Cinq années d’espoir et de barbarie
Le film débute avec la convocation des États généraux en mai 1789 pour finir avec l’exécution de Robespierre fin juillet 1794 . Entre les deux, cinq années d’espoirs, de formidables avancées et de barbarie … une poussée de brutalité engendrée par la rupture progressive du dialogue, des rancœurs épouvantables, des visions contradictoires de la société parfaite, un total déni de la misère populaire, la morgue méprisante et aveugle de l’aristocratie dominante, l’avidité d’une bourgeoisie de robe et d’affaire qui compte prendre le pouvoir, des ouvriers et des artisans qui crèvent de faim, n’en peuvent plus d’impôts et ont emmagasiné une haine féroce …
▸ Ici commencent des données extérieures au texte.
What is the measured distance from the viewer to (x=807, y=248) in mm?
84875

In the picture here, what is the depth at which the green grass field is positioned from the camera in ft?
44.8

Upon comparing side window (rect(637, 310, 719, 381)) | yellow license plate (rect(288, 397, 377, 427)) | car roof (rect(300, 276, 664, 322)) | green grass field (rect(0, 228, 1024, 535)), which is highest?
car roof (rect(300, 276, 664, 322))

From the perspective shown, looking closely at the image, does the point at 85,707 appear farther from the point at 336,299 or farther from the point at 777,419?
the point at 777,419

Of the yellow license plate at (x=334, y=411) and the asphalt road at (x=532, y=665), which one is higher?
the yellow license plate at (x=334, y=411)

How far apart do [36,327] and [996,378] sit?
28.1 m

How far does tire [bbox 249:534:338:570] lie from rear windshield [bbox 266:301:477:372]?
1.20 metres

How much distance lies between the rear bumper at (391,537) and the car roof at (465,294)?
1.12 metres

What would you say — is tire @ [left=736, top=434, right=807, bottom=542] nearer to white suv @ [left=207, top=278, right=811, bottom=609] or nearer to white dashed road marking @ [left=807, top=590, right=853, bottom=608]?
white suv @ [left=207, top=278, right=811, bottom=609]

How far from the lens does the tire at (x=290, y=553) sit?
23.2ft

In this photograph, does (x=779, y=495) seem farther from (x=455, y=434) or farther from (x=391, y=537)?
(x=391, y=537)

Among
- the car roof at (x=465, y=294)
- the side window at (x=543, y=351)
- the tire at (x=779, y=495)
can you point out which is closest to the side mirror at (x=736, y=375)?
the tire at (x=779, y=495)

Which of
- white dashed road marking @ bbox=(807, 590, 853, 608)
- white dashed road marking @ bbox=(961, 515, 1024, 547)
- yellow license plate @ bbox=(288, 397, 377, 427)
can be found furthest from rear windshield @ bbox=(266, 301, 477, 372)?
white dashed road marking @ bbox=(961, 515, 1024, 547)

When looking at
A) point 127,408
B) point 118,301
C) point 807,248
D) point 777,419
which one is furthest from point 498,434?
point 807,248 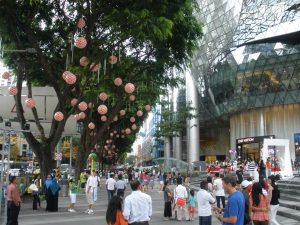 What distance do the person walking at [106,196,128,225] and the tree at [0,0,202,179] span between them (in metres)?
8.73

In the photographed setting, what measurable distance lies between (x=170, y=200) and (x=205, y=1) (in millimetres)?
→ 46795

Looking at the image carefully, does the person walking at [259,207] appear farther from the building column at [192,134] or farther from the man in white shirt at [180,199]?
the building column at [192,134]

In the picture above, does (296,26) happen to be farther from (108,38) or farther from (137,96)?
(108,38)

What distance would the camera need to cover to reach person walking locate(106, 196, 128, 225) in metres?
6.70

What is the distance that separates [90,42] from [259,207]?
10641 millimetres

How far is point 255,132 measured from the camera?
5884cm

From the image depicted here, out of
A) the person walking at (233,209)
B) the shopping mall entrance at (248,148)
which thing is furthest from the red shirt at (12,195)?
the shopping mall entrance at (248,148)

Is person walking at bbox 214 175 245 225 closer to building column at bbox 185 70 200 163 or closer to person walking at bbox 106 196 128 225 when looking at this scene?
person walking at bbox 106 196 128 225

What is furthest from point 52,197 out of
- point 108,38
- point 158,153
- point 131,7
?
point 158,153

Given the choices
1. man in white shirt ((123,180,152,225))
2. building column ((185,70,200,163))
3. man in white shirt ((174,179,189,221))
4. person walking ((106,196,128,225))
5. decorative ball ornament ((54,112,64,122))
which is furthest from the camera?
building column ((185,70,200,163))

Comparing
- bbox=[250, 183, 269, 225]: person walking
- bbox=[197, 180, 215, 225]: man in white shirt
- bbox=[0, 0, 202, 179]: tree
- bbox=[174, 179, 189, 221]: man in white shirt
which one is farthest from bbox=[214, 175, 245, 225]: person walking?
bbox=[0, 0, 202, 179]: tree

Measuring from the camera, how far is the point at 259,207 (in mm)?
8930

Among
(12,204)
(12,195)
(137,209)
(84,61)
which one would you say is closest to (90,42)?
(84,61)

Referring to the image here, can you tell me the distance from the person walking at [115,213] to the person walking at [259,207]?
131 inches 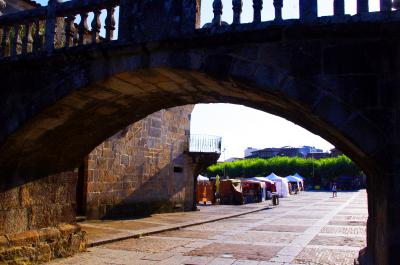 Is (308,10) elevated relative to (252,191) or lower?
elevated

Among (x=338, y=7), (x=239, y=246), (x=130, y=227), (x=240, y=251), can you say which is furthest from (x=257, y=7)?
(x=130, y=227)

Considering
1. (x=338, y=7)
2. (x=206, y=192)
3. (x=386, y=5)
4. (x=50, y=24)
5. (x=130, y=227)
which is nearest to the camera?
(x=386, y=5)

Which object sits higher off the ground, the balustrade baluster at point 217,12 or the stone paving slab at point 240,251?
the balustrade baluster at point 217,12

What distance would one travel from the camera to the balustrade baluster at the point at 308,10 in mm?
4297

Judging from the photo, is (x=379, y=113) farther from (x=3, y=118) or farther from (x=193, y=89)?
(x=3, y=118)

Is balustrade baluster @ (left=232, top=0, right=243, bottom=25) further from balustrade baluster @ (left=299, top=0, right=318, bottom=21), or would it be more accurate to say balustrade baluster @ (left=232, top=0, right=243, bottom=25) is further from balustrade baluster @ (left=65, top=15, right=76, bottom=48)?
balustrade baluster @ (left=65, top=15, right=76, bottom=48)

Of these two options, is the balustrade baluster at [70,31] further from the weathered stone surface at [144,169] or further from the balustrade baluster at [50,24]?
the weathered stone surface at [144,169]

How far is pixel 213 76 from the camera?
187 inches

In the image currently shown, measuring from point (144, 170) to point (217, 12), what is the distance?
11787 millimetres

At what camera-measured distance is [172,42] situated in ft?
16.0

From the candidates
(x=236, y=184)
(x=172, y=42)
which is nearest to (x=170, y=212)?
(x=236, y=184)

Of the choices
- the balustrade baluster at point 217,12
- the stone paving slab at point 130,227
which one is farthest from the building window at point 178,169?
the balustrade baluster at point 217,12

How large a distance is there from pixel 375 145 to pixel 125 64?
290 centimetres

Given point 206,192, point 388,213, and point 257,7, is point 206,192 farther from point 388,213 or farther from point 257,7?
point 388,213
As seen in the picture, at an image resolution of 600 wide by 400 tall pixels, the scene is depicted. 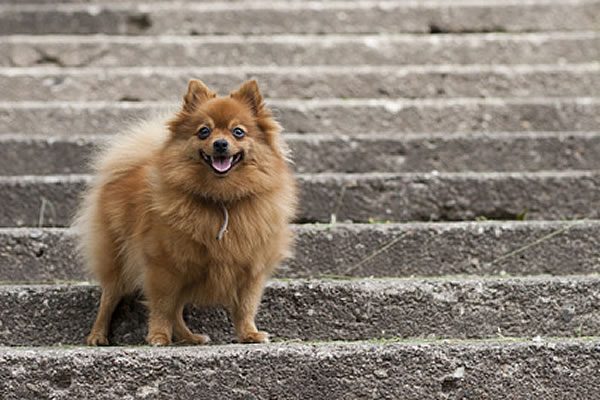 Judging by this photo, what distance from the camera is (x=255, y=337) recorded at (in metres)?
3.68

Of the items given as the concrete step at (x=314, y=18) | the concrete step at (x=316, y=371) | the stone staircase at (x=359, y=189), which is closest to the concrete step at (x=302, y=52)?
the stone staircase at (x=359, y=189)

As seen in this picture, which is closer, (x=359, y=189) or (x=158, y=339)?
(x=158, y=339)

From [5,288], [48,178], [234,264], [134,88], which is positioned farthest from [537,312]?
[134,88]

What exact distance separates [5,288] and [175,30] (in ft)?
11.9

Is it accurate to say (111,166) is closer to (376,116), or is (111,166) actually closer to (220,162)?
(220,162)

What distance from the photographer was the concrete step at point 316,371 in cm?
324

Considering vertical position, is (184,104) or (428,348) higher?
(184,104)

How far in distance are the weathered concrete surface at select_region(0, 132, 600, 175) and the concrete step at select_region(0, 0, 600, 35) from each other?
2.03 metres

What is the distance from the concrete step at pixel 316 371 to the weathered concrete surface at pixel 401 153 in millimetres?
1915

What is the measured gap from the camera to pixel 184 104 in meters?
3.71

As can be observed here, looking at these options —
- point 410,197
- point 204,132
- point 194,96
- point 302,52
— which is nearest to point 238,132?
point 204,132

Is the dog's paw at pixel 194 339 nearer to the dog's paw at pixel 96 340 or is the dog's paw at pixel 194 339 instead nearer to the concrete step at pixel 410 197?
the dog's paw at pixel 96 340

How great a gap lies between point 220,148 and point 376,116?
235 cm

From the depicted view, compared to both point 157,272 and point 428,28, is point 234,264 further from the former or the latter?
point 428,28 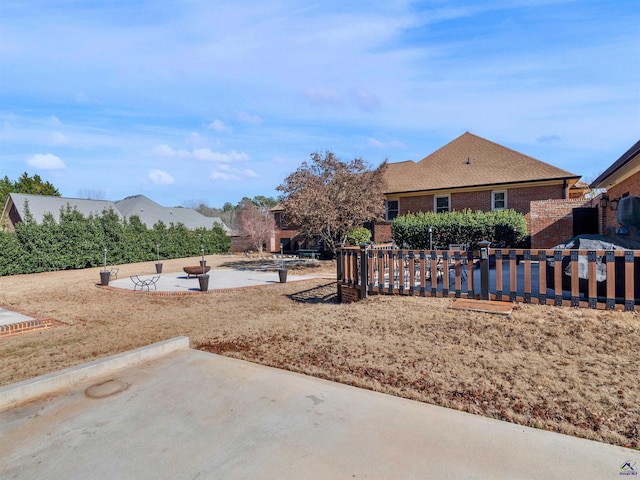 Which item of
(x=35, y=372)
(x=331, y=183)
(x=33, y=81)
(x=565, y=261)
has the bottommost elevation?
(x=35, y=372)

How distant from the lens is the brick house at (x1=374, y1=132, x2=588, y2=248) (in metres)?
17.9

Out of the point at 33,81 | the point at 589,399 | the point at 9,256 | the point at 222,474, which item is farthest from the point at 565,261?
the point at 9,256

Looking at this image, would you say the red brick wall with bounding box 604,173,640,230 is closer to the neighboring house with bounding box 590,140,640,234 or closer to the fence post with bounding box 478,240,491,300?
the neighboring house with bounding box 590,140,640,234

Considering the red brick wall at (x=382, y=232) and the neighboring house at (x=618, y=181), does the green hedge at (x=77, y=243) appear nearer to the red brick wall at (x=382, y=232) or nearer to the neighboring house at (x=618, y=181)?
the red brick wall at (x=382, y=232)

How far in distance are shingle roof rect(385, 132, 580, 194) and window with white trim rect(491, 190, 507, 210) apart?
2.10 feet

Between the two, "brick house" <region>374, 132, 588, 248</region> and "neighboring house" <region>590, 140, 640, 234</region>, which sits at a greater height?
"brick house" <region>374, 132, 588, 248</region>

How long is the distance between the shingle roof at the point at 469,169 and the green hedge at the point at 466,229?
2.72 m

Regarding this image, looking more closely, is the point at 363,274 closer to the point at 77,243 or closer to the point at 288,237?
the point at 77,243

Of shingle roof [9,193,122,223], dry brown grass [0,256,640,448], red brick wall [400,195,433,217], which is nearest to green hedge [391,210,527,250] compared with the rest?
red brick wall [400,195,433,217]

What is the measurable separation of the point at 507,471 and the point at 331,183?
51.3ft

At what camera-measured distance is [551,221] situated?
1534 centimetres

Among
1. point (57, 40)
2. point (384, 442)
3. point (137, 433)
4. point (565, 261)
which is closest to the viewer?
point (384, 442)

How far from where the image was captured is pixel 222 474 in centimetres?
234

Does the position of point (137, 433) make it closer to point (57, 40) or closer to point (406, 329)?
point (406, 329)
Tous les ingrédients sont là pour déclencher une explosion complète d’un système déjà bien gangrené. Aurait-on pu éviter cela ? Certes non. Et l’échange est inenvisageable entre ces différents protagonistes qui ne partagent pas la même vision du monde, les mêmes attentes de vie, … les nobles enfermés dans Versailles se considèrent de droit divin en haut de l’échelle de gouvernance, la population n’en peut plus de crever dans le caniveau, la bourgeoisie qui détient l’argent et la puissance intellectuelle se trouve au milieu de la pyramide et compte éradiquer la classe dominante qui ne veut rien entendre des arguments justifiant une saine mutation, plus de justice, d’équité.
Mémoire et avertissement
Pas de dialogue donc … ce qui initie le cycle d’une violence graduelle, dont le film met très bien en évidence les mécanismes de surenchère. Et c’est cela qui questionne le spectateur, l’inquiète. Car une fois le roi balayé d’un échiquier politique dont il troublait la logique par ses hésitations et son double jeu, les différentes factions révolutionnaires vont s’entre-dévorer. Sans pitié. Laissant le souvenir de la Terreur, des massacres, une guillotine ensanglantée, quotidiennement baladée dans les rues de Paris, comme dans les autres grandes villes de France, car l’odeur des corps décapités à la chaîne dérange le voisinage. Tout ça parce qu’à la base, un monarque, ses proches, sa Cour n’ont pas voulu entendre, n’ont pas voulu changer.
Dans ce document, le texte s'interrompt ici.